» **What this task involves**:
Only the pictures are to be omitted; everything else in the listing must be reproduced exactly.
Top of Task input
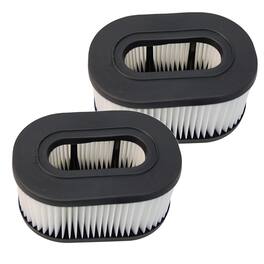 HQRP - 2x HEPA Cartridge Filter for Hoover FoldAway Widepath TurboPower Runabout Upright, # 40130050 Type 50 Replacement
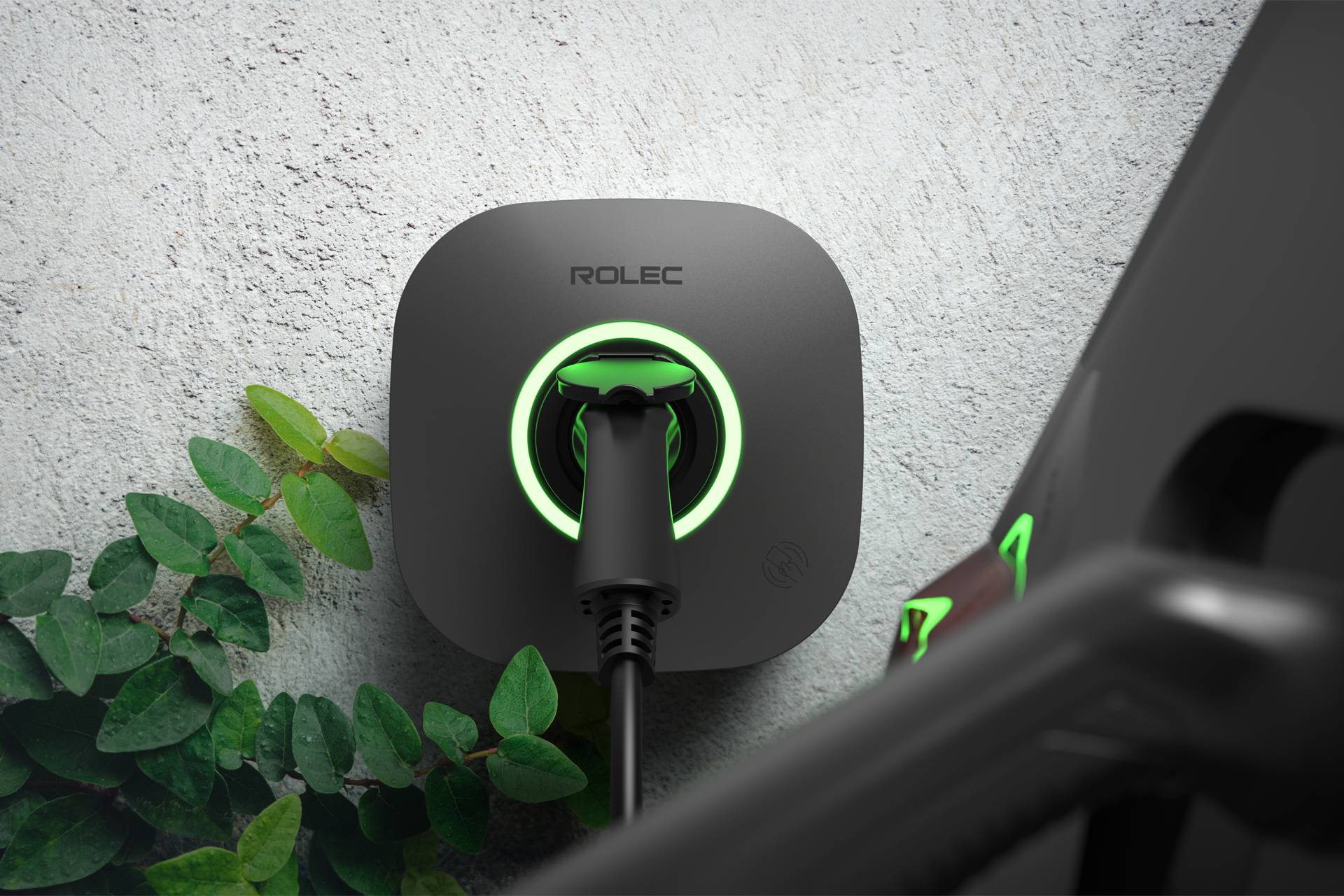 شاحن سيارات كهربائية ذكي Rolec EVO (6) شاحن سيارات كهربائية ذكي Rolec EVO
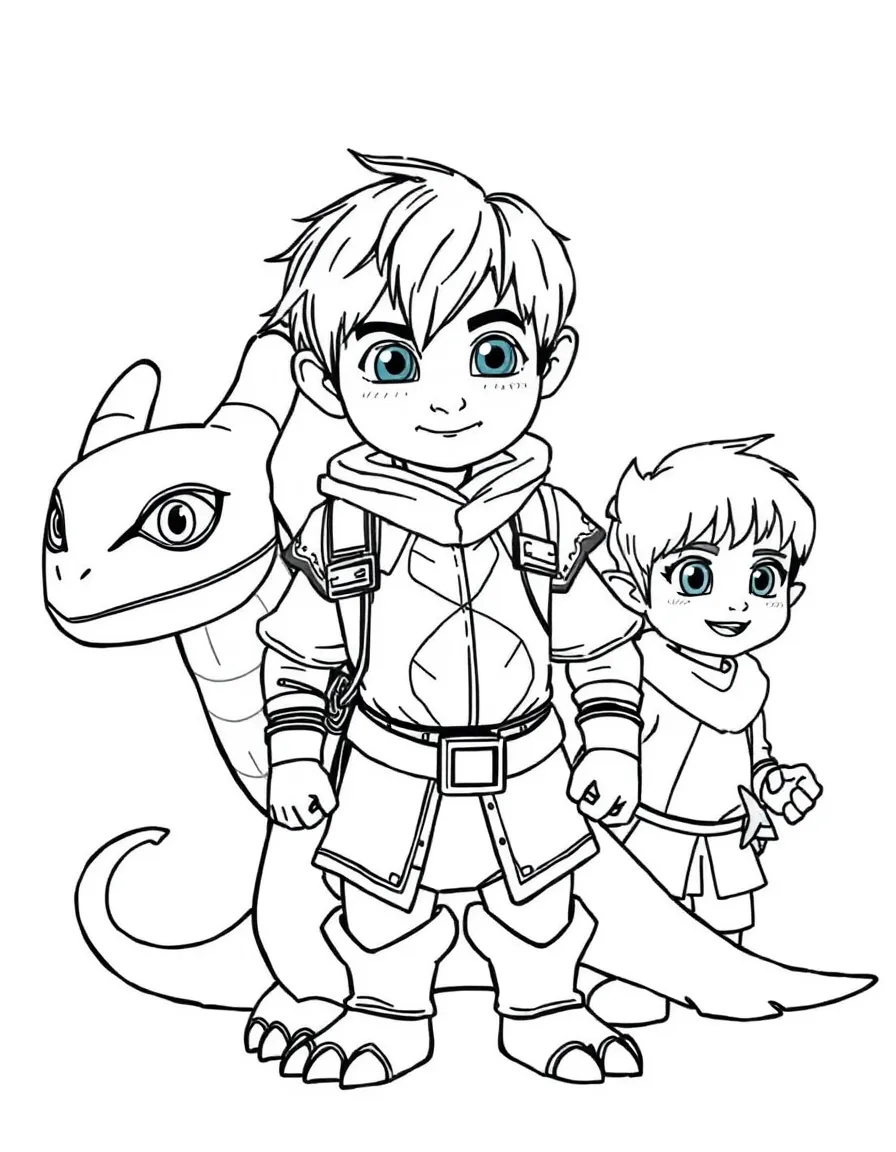 (characters in "How to Train Your Dragon") Hiccup's dragon riding suit.
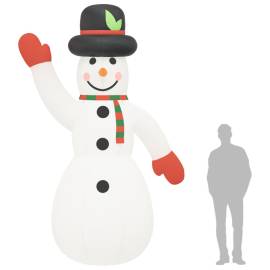 Om de zăpadă gonflabil cu led-uri, 370 cm, 11 image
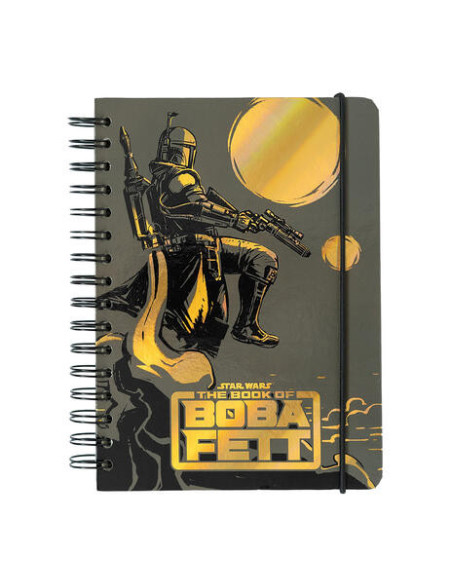 Star Wars: Grupo Erik - The Book Of Boba Fett - The Bullet (Quaderno A Spirale A5 Bullet)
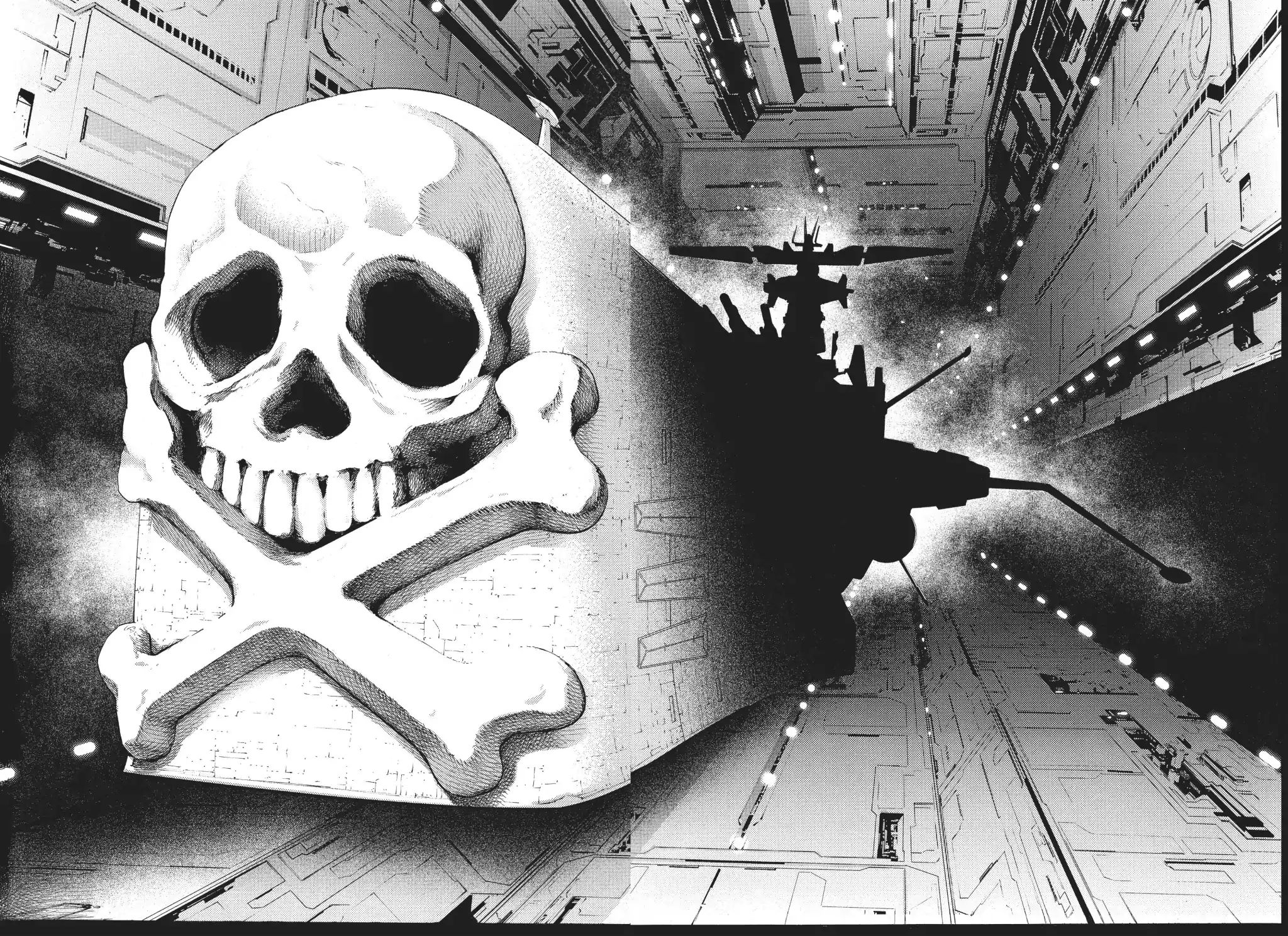 Captain Harlock: Dimensional Voyage - Vol.10 Chapter 48: Trident Fortress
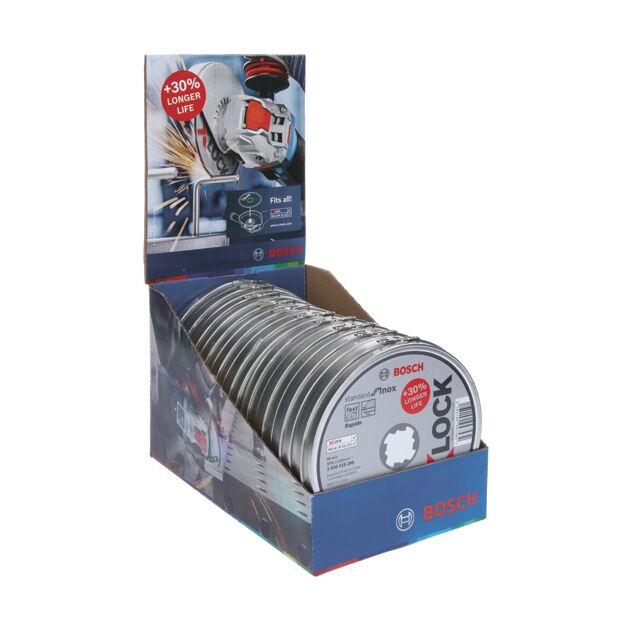 Диск відрізний X-LOCK Standard for Inox 10 x 115 x 1 x 22,23 мм, пряме різання BOSCH, фото , зображення 3 | SNABZHENIE.com.ua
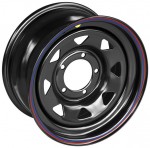 Диск Off-Road-Wheels Black 8 x 16 6*114,3 Et: 0 Dia: 66,1 Black
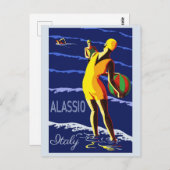 ヴィンテージアラシオイタリアイタリアン旅行 ポストカード (正面/裏面)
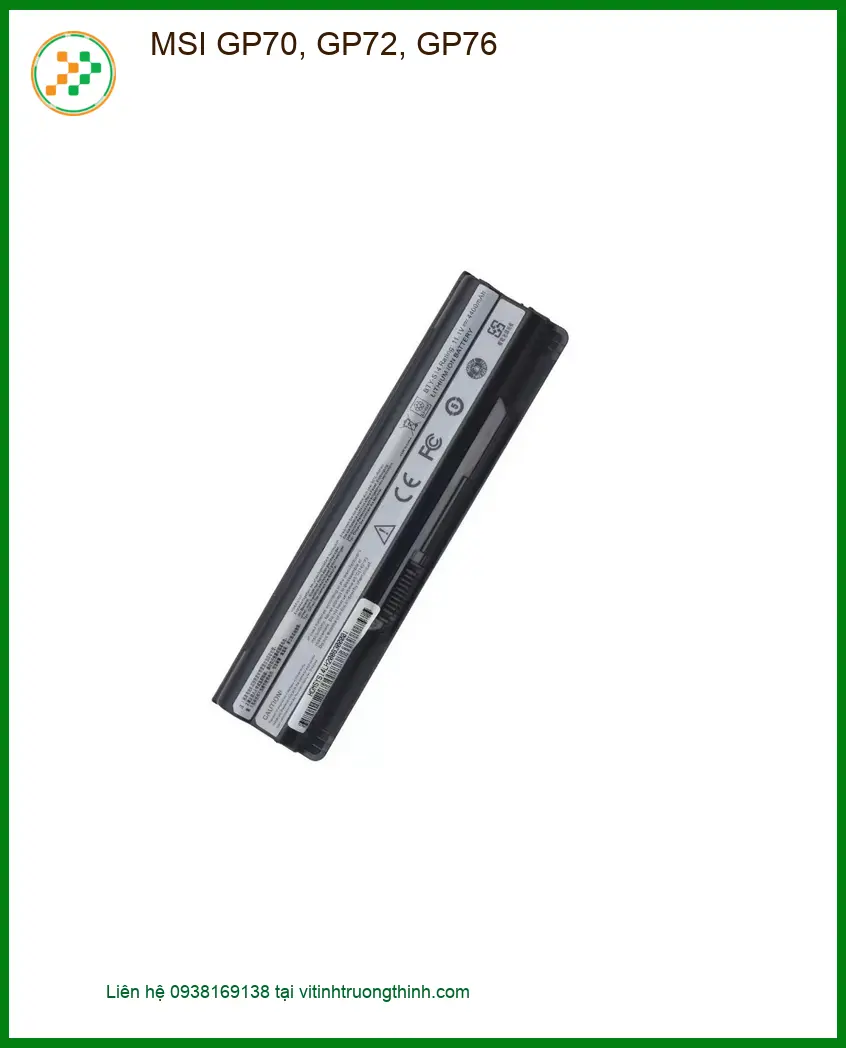 Pin Laptop MSI GP70, GP72, GP76 - Thay Pin Giá Rẻ Tại Trung Tâm TPHCM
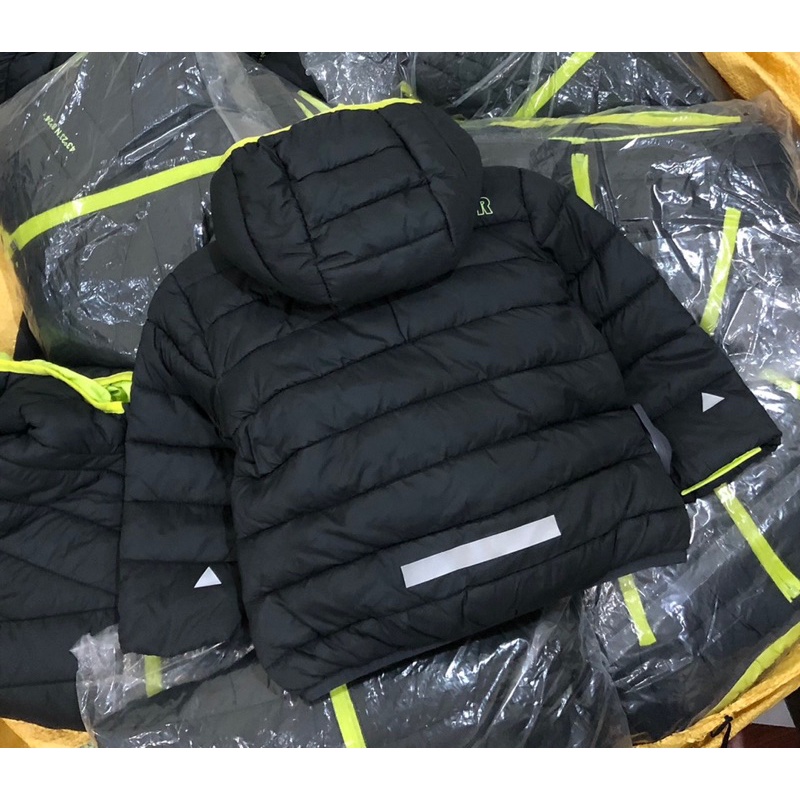 Áo phao trẻ em tím than phối màu cốm Zara dư xịn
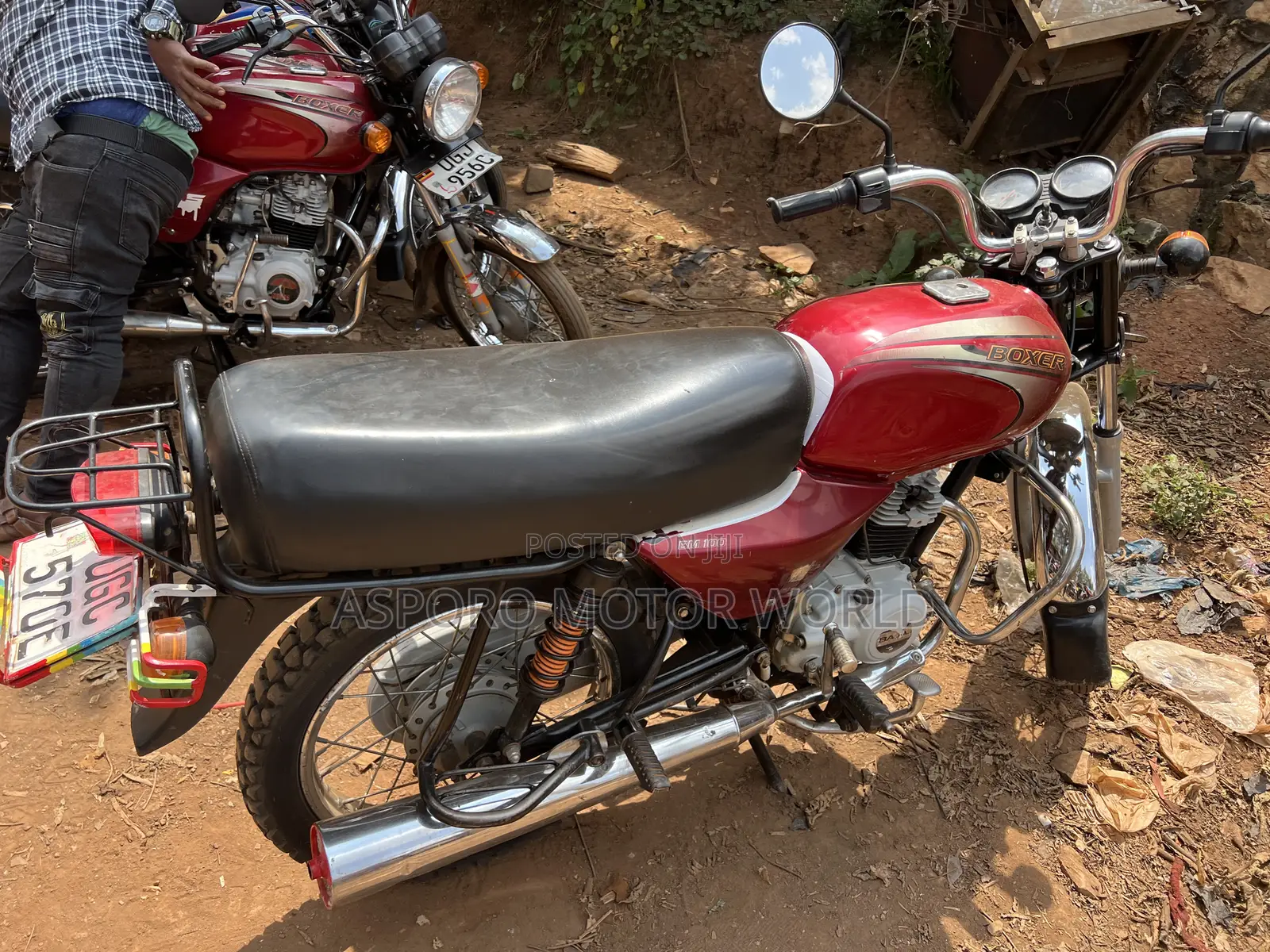 Bajaj Boxer 100 2024 Red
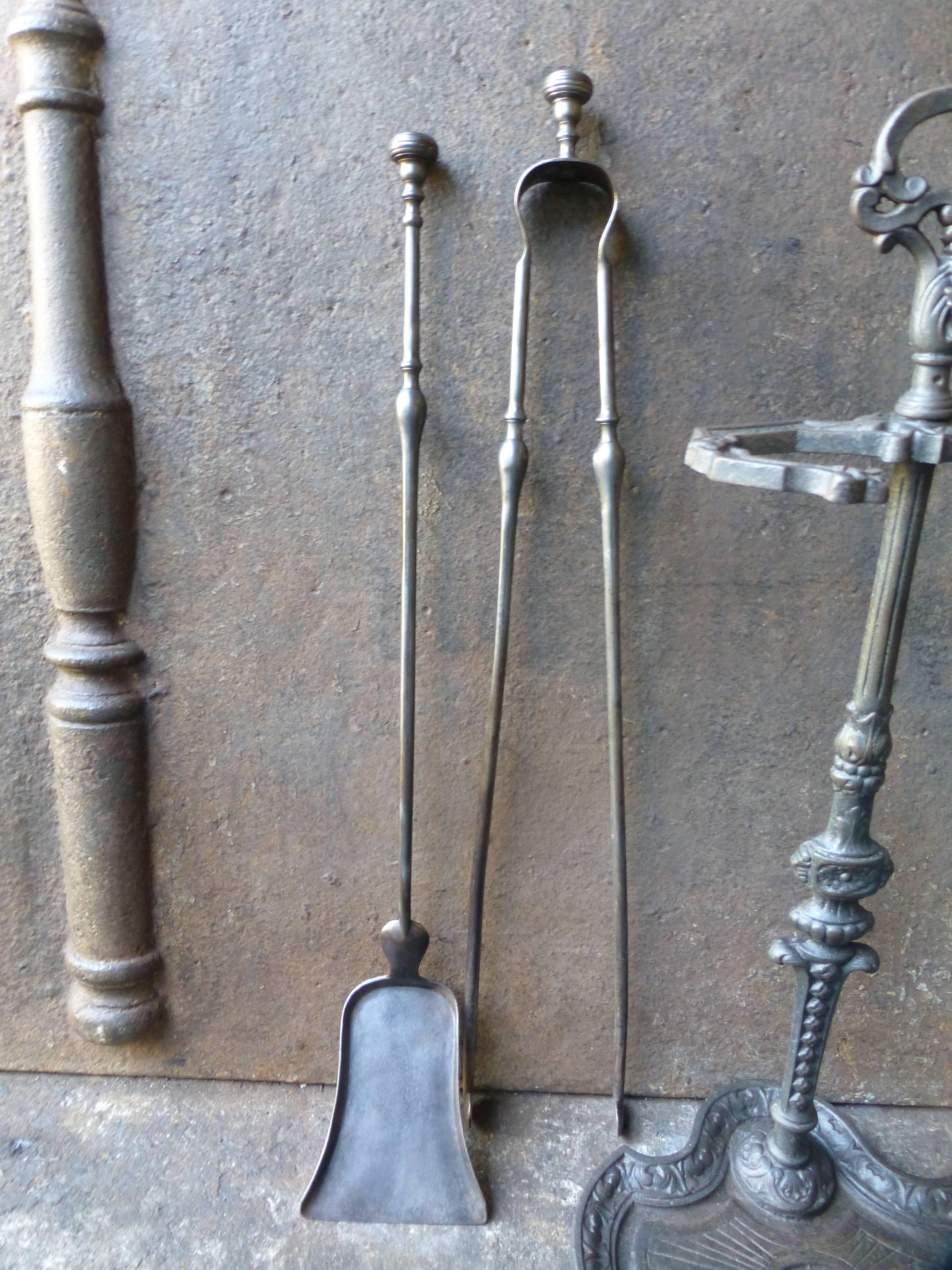 Neoclassical 19th Century French Fireplace Tools, Fire Tools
Bottom of Task input
» **Task solution**:
 HQRP - 2x HEPA Cartridge Filter for Hoover FoldAway Widepath TurboPower Runabout Upright, # 40130050 Type 50 Replacement
 شاحن سيارات كهربائية ذكي Rolec EVO (6) شاحن سيارات كهربائية ذكي Rolec EVO
 (characters in "How to Train Your Dragon") Hiccup's dragon riding suit.
 Om de zăpadă gonflabil cu led-uri, 370 cm, 11 image
 Star Wars: Grupo Erik - The Book Of Boba Fett - The Bullet (Quaderno A Spirale A5 Bullet)
 Captain Harlock: Dimensional Voyage - Vol.10 Chapter 48: Trident Fortress
 Диск відрізний X-LOCK Standard for Inox 10 x 115 x 1 x 22,23 мм, пряме різання BOSCH, фото , зображення 3 | SNABZHENIE.com.ua
 Диск Off-Road-Wheels Black 8 x 16 6*114,3 Et: 0 Dia: 66,1 Black
 ヴィンテージアラシオイタリアイタリアン旅行 ポストカード (正面/裏面)
 Pin Laptop MSI GP70, GP72, GP76 - Thay Pin Giá Rẻ Tại Trung Tâm TPHCM
 Áo phao trẻ em tím than phối màu cốm Zara dư xịn
 Bajaj Boxer 100 2024 Red
 Neoclassical 19th Century French Fireplace Tools, Fire Tools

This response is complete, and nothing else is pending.